_Your instructions_
Each line of the listing below must be retyped exactly, with images left out.

[[ Record set, beginning ]]

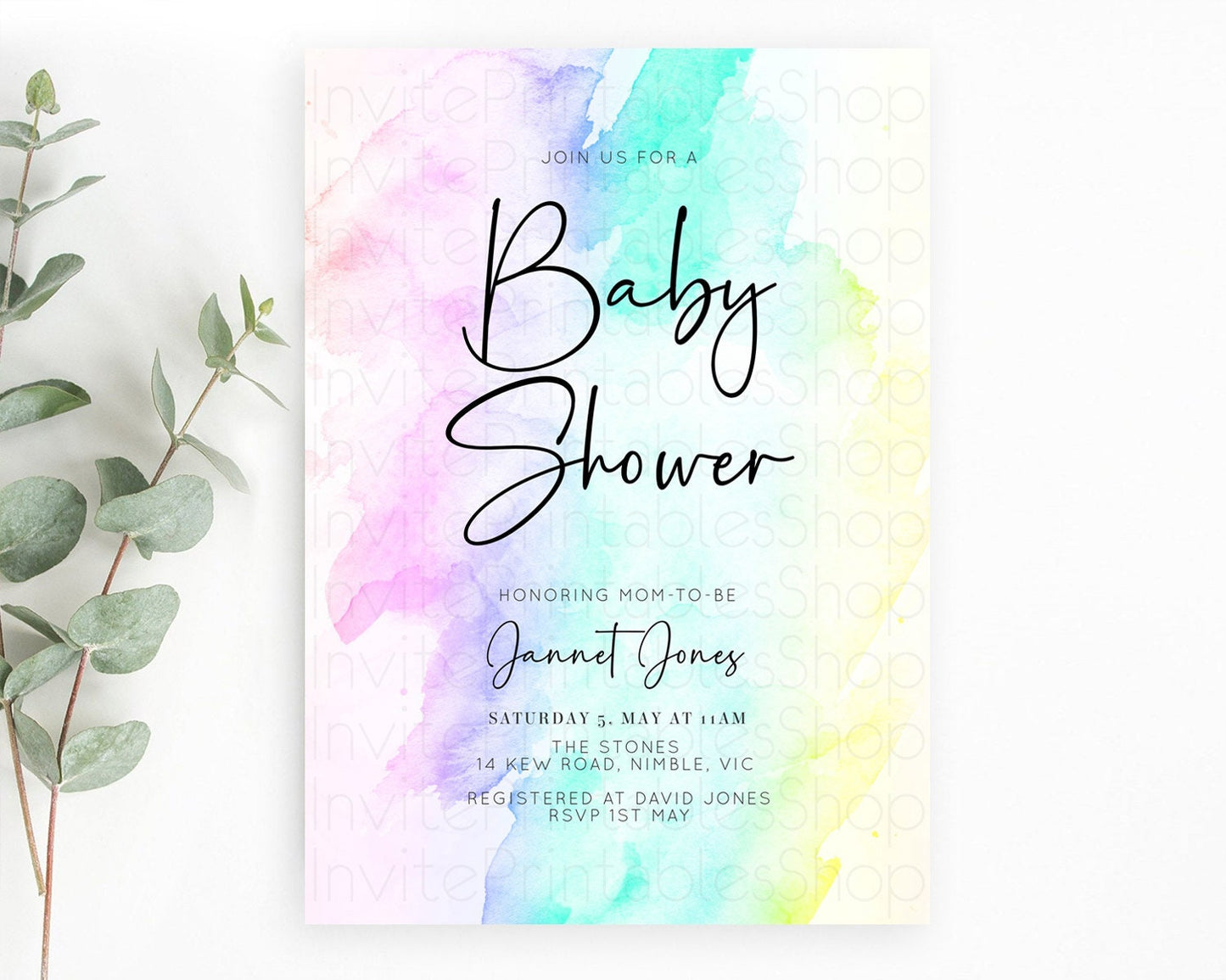 Pastel Baby Shower Invitation Rainbow Baby Shower Invitation Colorful Pastel Watercolor Invitation Gold Glitter Sprinkles Ombre D10231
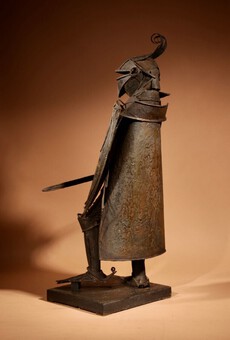 Antique A Large Model Of A Artistic Made Tin Plate Iron Knight Armour.
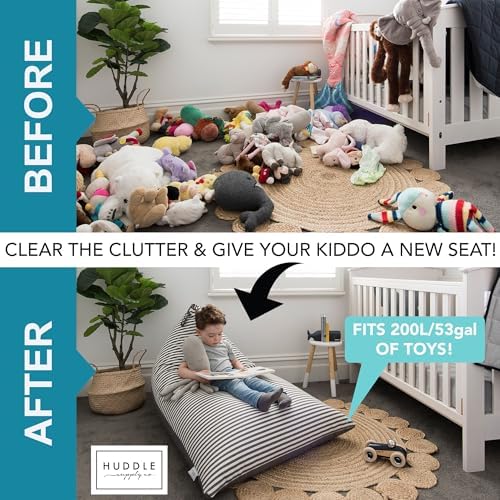 Huddle Designer Stuffed Animal Bean Bag Storage Chair Cover XL Grey Stripes - Image 5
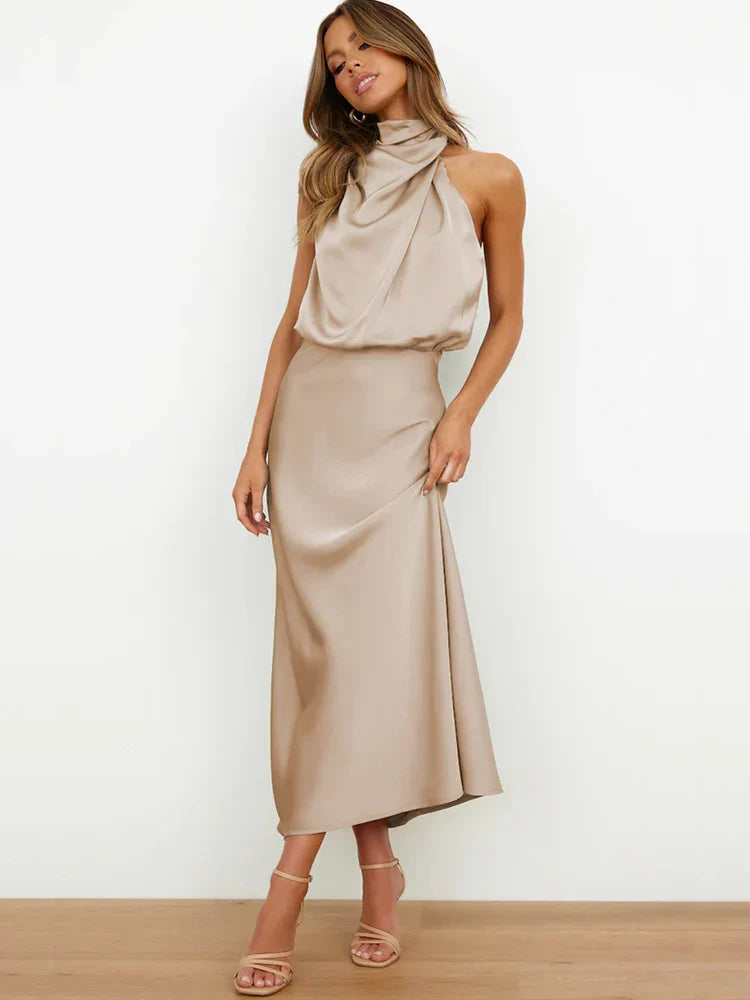 Isidora - Vestido satinado sin mangas con cuello drapeado mujer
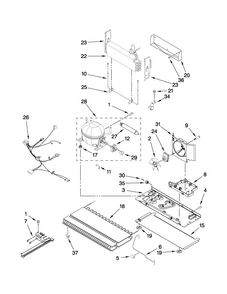 Unit Parts Diagram and Parts List for MBB1953XEW0  Maytag Refrigerator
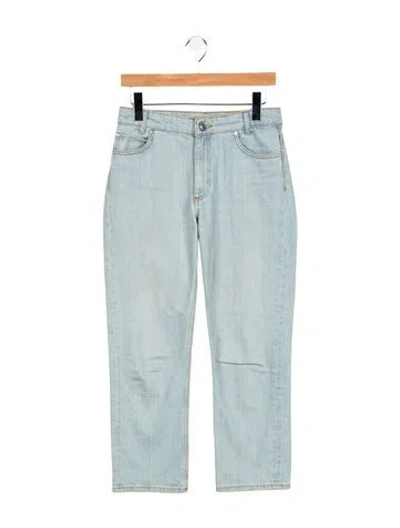 Pre-owned Sandro Mid-rise Straight Leg Jeans In Blue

[[ Record set, end ]]

_Answer for this exercise_
 Pastel Baby Shower Invitation Rainbow Baby Shower Invitation Colorful Pastel Watercolor Invitation Gold Glitter Sprinkles Ombre D10231
 Antique A Large Model Of A Artistic Made Tin Plate Iron Knight Armour.
 Huddle Designer Stuffed Animal Bean Bag Storage Chair Cover XL Grey Stripes - Image 5
 Isidora - Vestido satinado sin mangas con cuello drapeado mujer
 Unit Parts Diagram and Parts List for MBB1953XEW0  Maytag Refrigerator
 Pre-owned Sandro Mid-rise Straight Leg Jeans In Blue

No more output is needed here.